NHS England has awarded a contract with a value of up to £1.5 million to Digibete C.I.C. for a national digital education platform to support children and young people with Type 1 and Type 2 diabetes.
The contract is a call-off from a framework agreement, set to run from May 2026 to May 2031, for a total period of five years.
The platform is described as “universally available”, designed to host condition-specific content to promote self-management for children and young people living with the condition.
NHSE also published a pipeline notice earlier this month indicating an upcoming opportunity with a value of up to £40 million for support capabilities relating to NHS Digital Citizen, covering products and services including the NHS App, NHS Proxy, and NHS.uk.
The main focuses of the contract will be providing support capability for NHS Proxy and National Digital Channels User Insight, NHSE states, with additional work across other Digital Citizen products also potentially required during the contract span.
Wider trend: Apps and wearables
NHS England has awarded a contract with a value of up to £160 million to IBM as a strategic delivery partner for the future of the NHS App. “Following the completion of a competitive procurement process and due governance, IBM has been formally appointed as a strategic delivery partner as we continue to develop secure, reliable and user-centred pathways and services at scale,” NHSE states. The contract is due to begin on 1 May 2026, ending on 31 March 2028.
Microsoft has launched Copilot Health, said to provide users the ability to bring together data from across their health records, wearables, and lab results, applying intelligence to turn insights into “a coherent story”. Copilot Health is positioned to support people understand the information they have, part of a “secure space within Copilot where medical intelligence makes sense of your information and delivers personalised health insights that you can act on”. With Copilot Health, users will be able to record activity levels, sleep patterns, vital signs, visit summaries, medication lists, and test results from more than 50 wearable devices and health records from over 50,000 US hospitals and health providers. AI is then used to identify patterns in health data, reportedly surfacing proactive and actionable insights.
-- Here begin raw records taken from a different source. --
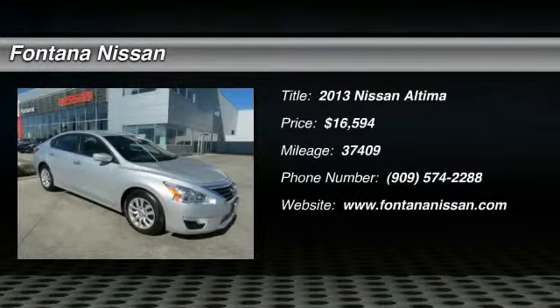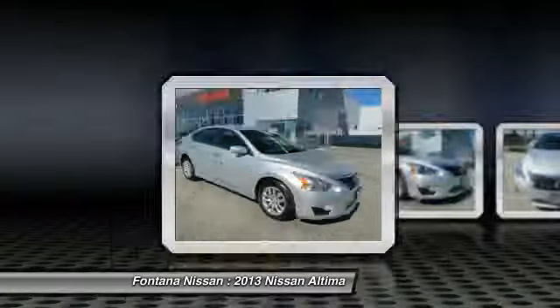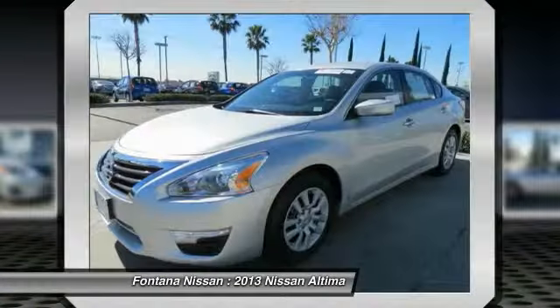The 2013 Altima. The Nissan Altima offers advanced features to make life easier, including push button ignition, which comes standard. Combine that with a powerful V6 or efficient 4-cylinder engine.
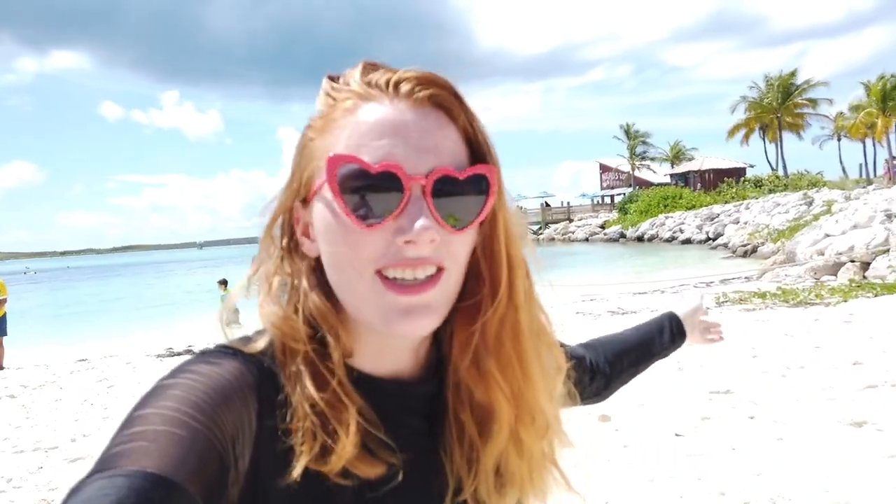The next part of our package is snorkeling — there's a snorkel lagoon with some underwater surprises that you might not be expecting. Some of them are kind of weird, and I'm going to go try to find them while also looking ridiculous in goggles.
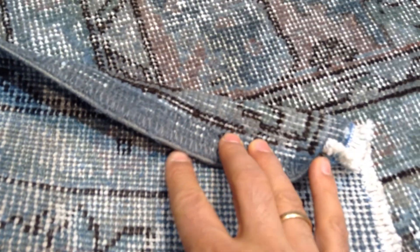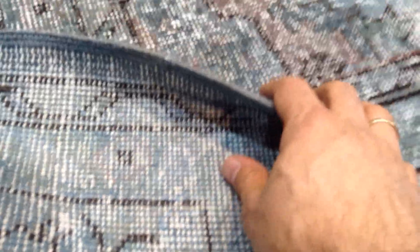On the back you can see the very high quality, high density, Turkish handmade knots. These carpets are not thick so they're very easy to clean and maintain. There's nowhere for dust and dirt to hide.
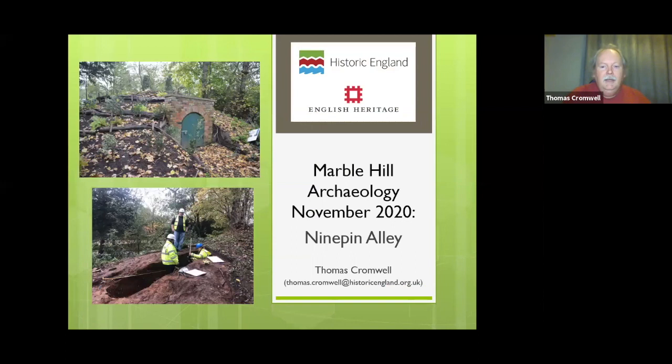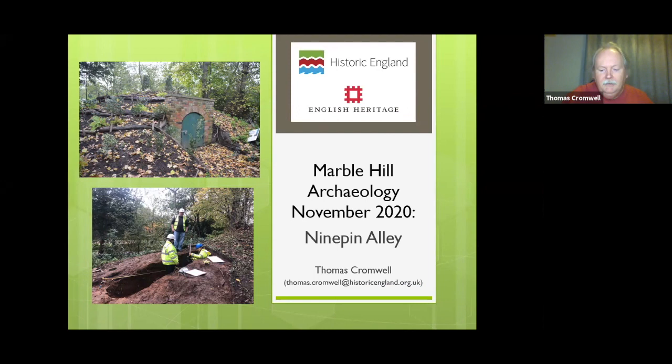Thank you for the introduction. I'm an archaeologist working for Historic England. I've been involved with the Marble Hill project for several years now, from before the Heritage Lottery Fund application right through to now. For those of you who aren't familiar with Marble Hill, this is the site as viewed from above — the brownish grass on a particularly hot summer day — and it's one of many houses that were built along the Thames here in the 18th century when the Hanoverian Court moved to Hampton Court, the river obviously acting as a nice highway.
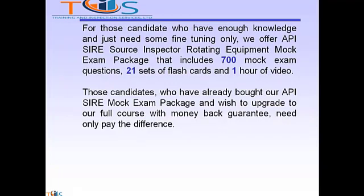For those candidates who have enough knowledge but just need some fine tuning, we offer the API Source Inspector Rotating Equipment Mock Exam Package that includes 700 mock exam questions, 21 sets of flashcards, and one hour of video. Candidates who have already bought our mock exam package and wish to upgrade to our full course with money-back guarantee need to only pay the difference.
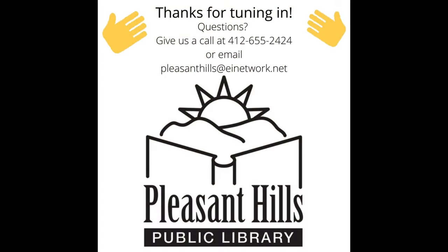Well, my friends, thanks for joining me and I hope you've enjoyed this STEAM Stories. As always, if you have any questions or concerns, please feel free to give us a call at 412-655-2424 or send us an email at PleasantHills@AINetwork.net. I hope you have a great day and that I see you soon. Bye!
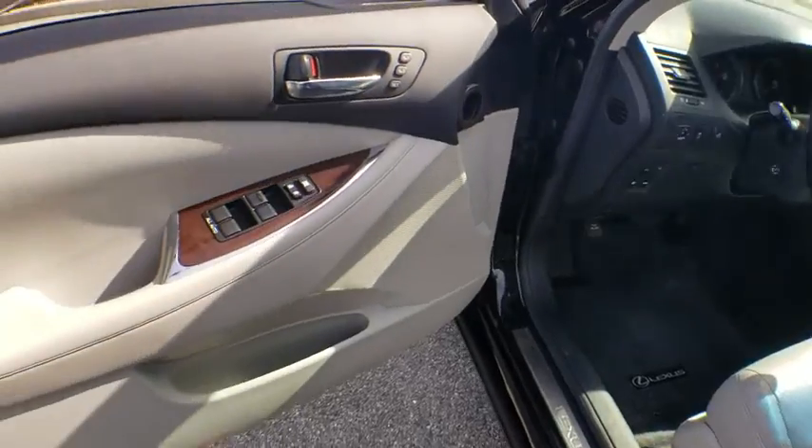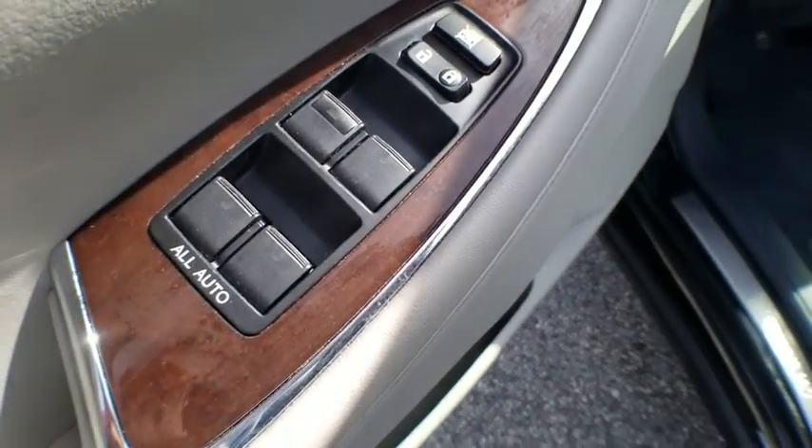This vehicle has less than 95,000 miles. Here are some of this vehicle's great options.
The Fitbit app has become the Google Health app, launching with the ability to connect information from a variety of different sources to offer a “comprehensive view” of health. The app offers four tabs: Today, Fitness, Sleep, and Health, providing insight into different areas of health, customisable dashboards, and visibility of data and trends. It also reportedly connects with a wide range of apps and devices through Google Health APIs, Apple Health, or Health Connect, enabling data ranging from workouts and meals to be incorporated in one place.